Die Arbeit hat ohne Zweifel hervorstechende Merkmale: Sie ist kreativ: Mit viel Liebe wird versucht, Gruppenbildung und Strukturen in den Psalmen aufzudecken und zu plausibilisieren, dass der Psalter »nicht eine unübersichtliche Sammlung von willkürlich zusammenstellten Einzeltexten ist, sondern ein planvoll angelegtes Buch, in dem sich die einzelnen Psalmen gegenseitig ergänzen und beleuchten« (so der Klappentext).
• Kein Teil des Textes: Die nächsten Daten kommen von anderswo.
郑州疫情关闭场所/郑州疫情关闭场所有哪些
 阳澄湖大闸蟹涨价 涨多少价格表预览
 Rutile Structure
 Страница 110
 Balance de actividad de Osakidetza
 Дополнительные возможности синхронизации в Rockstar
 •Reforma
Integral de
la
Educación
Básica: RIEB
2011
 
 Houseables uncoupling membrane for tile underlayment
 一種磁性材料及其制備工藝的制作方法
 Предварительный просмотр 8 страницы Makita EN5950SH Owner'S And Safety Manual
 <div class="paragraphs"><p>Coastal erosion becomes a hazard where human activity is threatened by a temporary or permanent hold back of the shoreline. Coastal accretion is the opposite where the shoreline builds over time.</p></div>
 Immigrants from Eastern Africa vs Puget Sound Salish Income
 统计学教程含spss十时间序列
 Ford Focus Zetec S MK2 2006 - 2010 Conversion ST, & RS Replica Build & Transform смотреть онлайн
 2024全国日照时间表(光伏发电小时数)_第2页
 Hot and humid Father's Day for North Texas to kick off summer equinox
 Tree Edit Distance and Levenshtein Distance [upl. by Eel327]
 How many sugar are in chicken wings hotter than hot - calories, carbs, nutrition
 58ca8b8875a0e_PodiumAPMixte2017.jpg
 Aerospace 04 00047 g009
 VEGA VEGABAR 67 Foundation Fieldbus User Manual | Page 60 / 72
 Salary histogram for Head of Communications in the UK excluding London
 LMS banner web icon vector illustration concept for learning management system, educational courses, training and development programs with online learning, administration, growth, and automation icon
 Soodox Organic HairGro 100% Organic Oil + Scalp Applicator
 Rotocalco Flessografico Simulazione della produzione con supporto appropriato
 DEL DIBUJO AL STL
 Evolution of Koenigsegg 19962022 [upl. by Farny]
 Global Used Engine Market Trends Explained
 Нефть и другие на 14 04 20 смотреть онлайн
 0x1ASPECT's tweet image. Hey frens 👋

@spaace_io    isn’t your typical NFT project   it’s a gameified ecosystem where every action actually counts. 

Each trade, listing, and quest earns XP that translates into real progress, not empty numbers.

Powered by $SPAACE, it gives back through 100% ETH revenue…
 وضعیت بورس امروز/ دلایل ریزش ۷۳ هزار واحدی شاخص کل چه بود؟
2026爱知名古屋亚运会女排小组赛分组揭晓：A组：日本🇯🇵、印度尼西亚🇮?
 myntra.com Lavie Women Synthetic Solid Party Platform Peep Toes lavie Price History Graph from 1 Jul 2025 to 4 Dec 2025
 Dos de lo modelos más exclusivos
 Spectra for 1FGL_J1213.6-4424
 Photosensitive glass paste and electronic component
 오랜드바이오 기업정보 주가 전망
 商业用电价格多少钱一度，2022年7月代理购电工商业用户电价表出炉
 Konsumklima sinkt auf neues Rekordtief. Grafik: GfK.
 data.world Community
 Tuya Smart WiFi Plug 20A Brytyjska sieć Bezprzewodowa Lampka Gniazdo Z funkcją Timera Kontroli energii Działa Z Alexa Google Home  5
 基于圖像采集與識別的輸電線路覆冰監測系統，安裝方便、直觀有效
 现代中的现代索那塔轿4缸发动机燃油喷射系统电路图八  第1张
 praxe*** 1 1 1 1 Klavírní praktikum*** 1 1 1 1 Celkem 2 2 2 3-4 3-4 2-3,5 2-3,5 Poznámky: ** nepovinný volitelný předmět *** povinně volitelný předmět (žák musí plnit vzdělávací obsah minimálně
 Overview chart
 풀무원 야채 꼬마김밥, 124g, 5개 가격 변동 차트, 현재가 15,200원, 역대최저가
Sie ist geistvoll: Die Diktion des Buches, mit der auch komplizierte Einzelheiten interessant dargestellt und Zusammenhänge umsichtig beleuchtet werden, verrät eine sehr einfühlsame Art des Auslegens; man spürt immer wieder die pfarramtliche Praxis durch, so dass diese Doktorarbeit auch eine theologisch sehr empfehlenswerte Lektüre darstellt. Drittens ist sie humorvoll. Der Rezensent musste über gekonnt ironische Passagen mehrfach lachen, z. B. bei der Darstellung von Goulders Festzyklustheorie: »So kann sich die Psalmenexegese glücklich schätzen, dass sie nun mit Hilfe Goulders, dessen Wissen nicht nur das seiner Fachkollegen, sondern auch die Kenntnisse der Verfasser der Überschriften deutlich übersteigt, um die wahren Hintergründe der Psalmen 51–72 im Bilde ist.«
Trotz dieser vielen hochsympathischen Züge hat mich die Arbeit mit ihrer Kernthese aber nicht wirklich überzeugt. Die Dinge sind doch sehr viel unsicherer und komplizierter, als die Vfn. meint. Z. B. ist die Datierung der Korachpsalmen als Gruppe in die zweite Hälfte des 5. Jh.s (375) höchst fraglich; Ps 49 z. B. dürfte sehr viel später anzusetzen sein (vgl. z. B. M. Witte, VT 50 [2000], 540–560). Die Fülle der Gedanken in diesen Psalmen 42 bis 83 erscheint mir weiterhin arg disparat und widersetzt sich m. E. solch wohlmeinenden Systematisierungen. Auch wenn es der Vfn. manchmal ge­lingt nachzuweisen, dass Bezugnahmen der Texte aufeinander vorliegen, den großen Plan einer Gesamtanordnung kann ich auch nach der Lektüre dieses Buches in den Texten nicht erkennen. Die Rede vom Spannungsbogen überspannt den Bogen. So kann man ihr Diktum über Goulder – natürlich mit gewissen Abstrichen – auch auf die Arbeit der Vfn. selbst anwenden. Der alte hermeneu­tische Grundsatz, dass der Ausleger den Autor besser versteht, als er sich selbst verstanden hat, scheint mir hier erfüllt. Mancher Sinn wird gehoben, von dem die Sammler der Psalmen vermutlich nichts geahnt haben. Wäre die These der Arbeit auf der Ebene der Rezeptionsgeschichte angesiedelt, nicht auf der Ebene der Autoren, hätte sie eine höhere Plausibilität. Die Debatte, ob es einen »elohistischen Psalter« überhaupt gegeben hat und welcher Logik die jetzt doch sehr komplexe »Komposition« – sofern man davon überhaupt reden kann – folgt, geht weiter, vgl. z. B. Laura Joffe, The Elohistic Psalter: What, how and why?, Scandinavian Journal of the Old Testament 15,1 (2001), 142–166; dies., The Answer to the Meaning of Life, the Universe and the Elohistic Psalter, Journal for the Study of the Old Testament 27 (2003), 223–235.